# An old clamp.



## Dominick (May 2, 2011)

I just picked this up at an estate sale for $5
I've seen one before but don't know much about it. 
Thought it was cool. Does anyone know anything about it?


----------



## mdntrdr (Dec 22, 2009)

You're missing half of it :smile:


----------



## Dominick (May 2, 2011)

I am? What half?


----------



## mdntrdr (Dec 22, 2009)

Dominick said:


> I am? What half?



The other half :laughing:

It looks to me like this is some sort of clamp on vise that is missing something? :smile:


----------



## Dominick (May 2, 2011)

Oh that pic is when it's closed. Lol


----------



## Billy De (Jul 19, 2009)

Dominick I know that Stanley made one very similar but in a silver coulor.AFAIK its not a clamp but a portable vice.


----------



## mdntrdr (Dec 22, 2009)

My mistake... :huh: You have a clamp on vise! :laughing:


----------



## Dominick (May 2, 2011)

Billy De said:


> Dominick I know that Stanley made one very similar but in a silver coulor.AFAIK its not a clamp but a portable vice.


Yea I meant to say a vice. Laughing!!!!


----------



## Dave Paine (May 30, 2012)

Looks like a good deal for $5.

I used to have a clamp on vise, it was made from aluminium and a pain to use. Not very robust. I finally gave it to a friend.

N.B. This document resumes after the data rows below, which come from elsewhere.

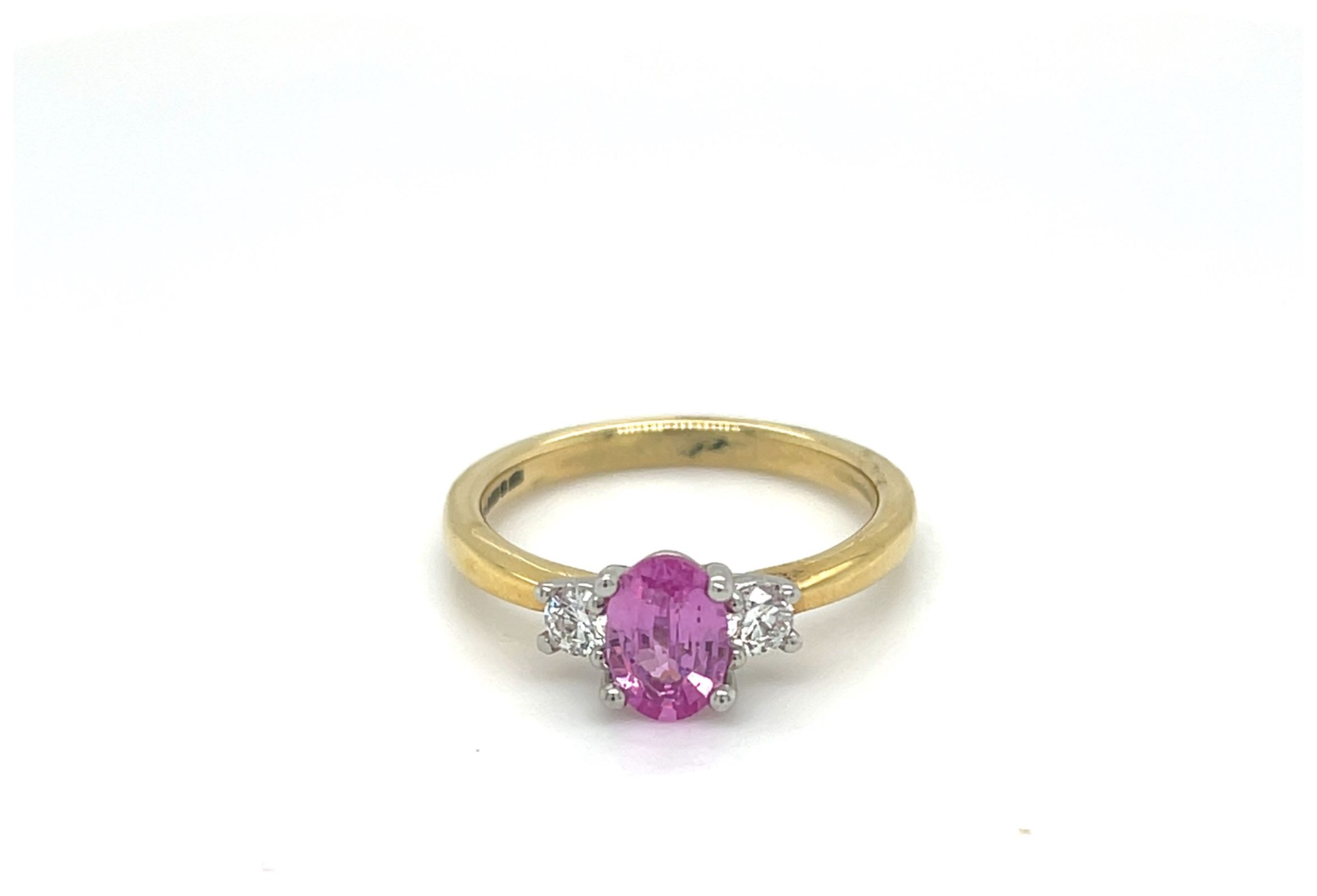 GEMEX 11749 18ct Y/g 1.00ct Oval Pink Saph 0.20ct Dia Ring Jewellery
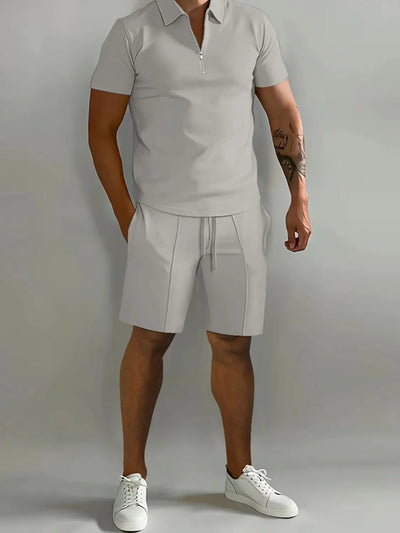 Front view of Men's Collared Neck Short Sleeve Top and Shorts Set in Gray.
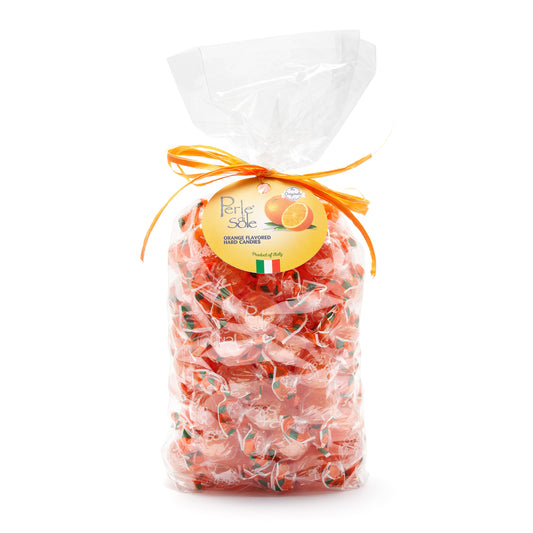Perle di Sole Hartbonbons mit Orangengeschmack, 1000 g – italienische Bonbons in Großpackung, transparente Verpackung mit orangenen Akzenten, fruchtig und sonnig.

This one looks like it can clamp well.

If you can drill a small indentation for the mounting screw head, it will prevent this from slipping off, which was a problem with my vise, even though it had two screws.

Mine had the kind of screw for the vise jaws which had to be pulled back from the hex head, moved and re-engaged with the hex head. A pain in the neck.

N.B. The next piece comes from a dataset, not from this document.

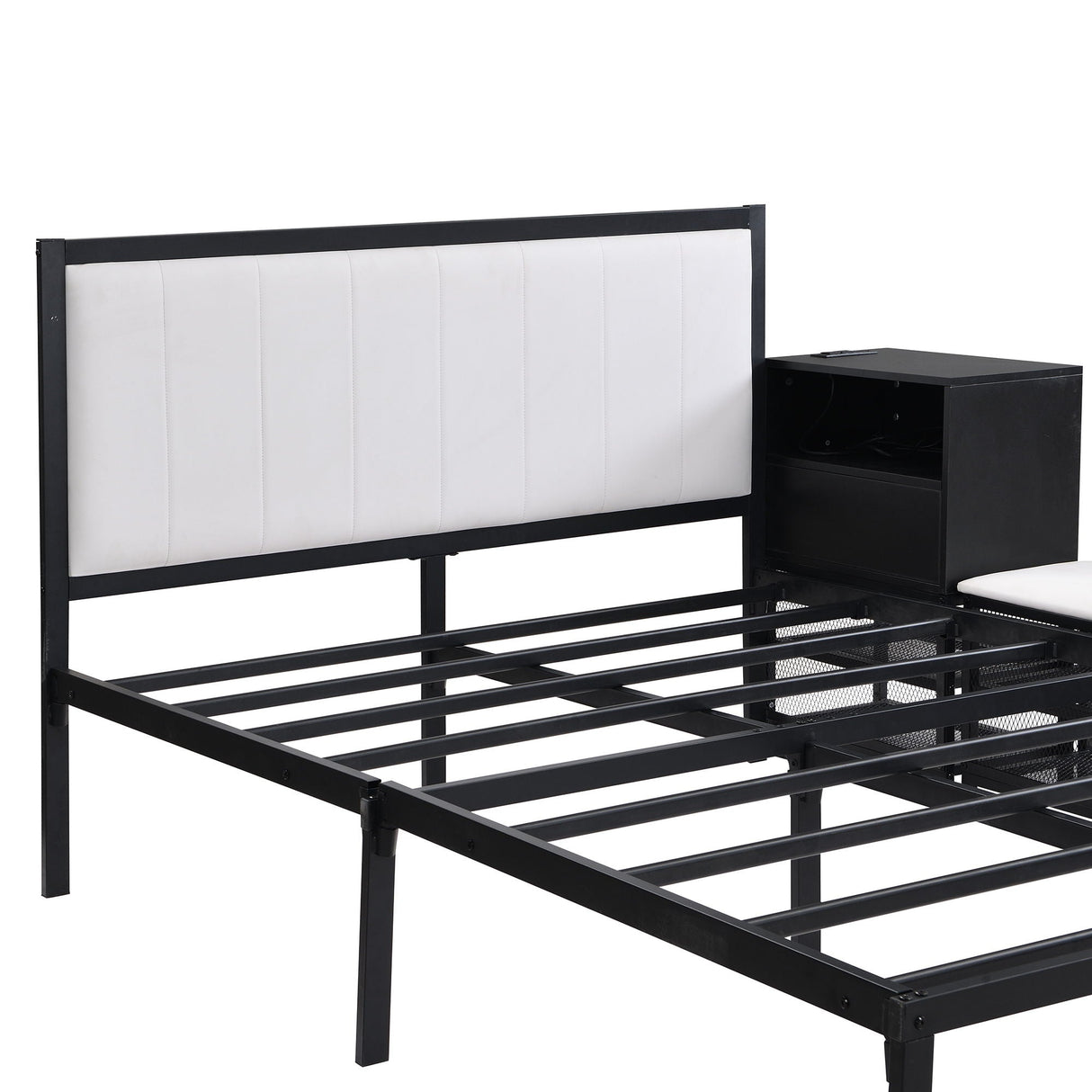 Platform Bed With 2 Tier Storage Shelves, Storage Cabinet by Couch.com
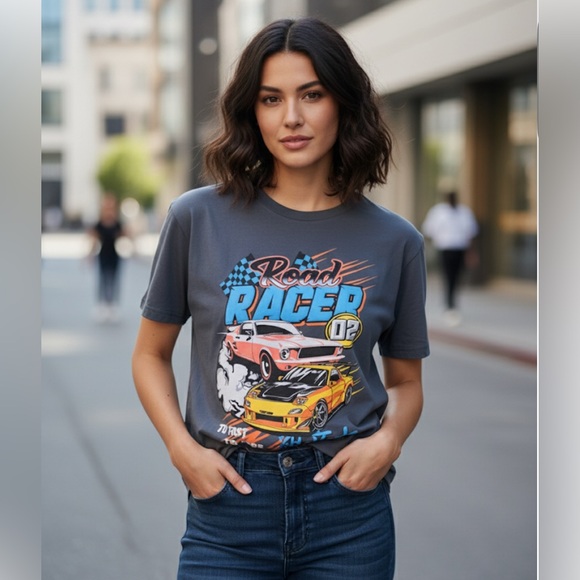 Graphic Road Racer Tee - Gray - Picture 1 of 8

Yours has holes for mounting jaws. Worthwhile to cut some scraps of wood to prevent the steel from marking whatever you clamp in the vise.

If you mount this at the end of a bench you will be able to swing the jaw screw without any interference.


----------



## Dominick (May 2, 2011)

Thanks Dave. 
I figured you may like it being from littlestown Pa. 
Ill probably do what you suggested. 
I like the fact that I can attach wood to the jaws, so it doesn't mar things up. 
Thanks for looking.


----------



## Dave Paine (May 30, 2012)

Dominick said:


> Thanks Dave.
> I figured you may like it being from littlestown Pa.


I do not live in a place with sufficient population for me to consider it a town - more like an intersection with just the feed store and post office. :laughing:

The 2010 census showed a whopping 2,375 residents, but more residents than farm animals.


----------



## Dominick (May 2, 2011)

Dave Paine said:


> I do not live in a place with sufficient population for me to consider it a town - more like an intersection with just the feed store and post office. :laughing:
> 
> The 2010 census showed a whopping 2,375 residents, but more residents than farm animals.


Laughing!!!!
I was just messing with it on how it mounts and its not really practical for big projects. 
But something I may use though.


----------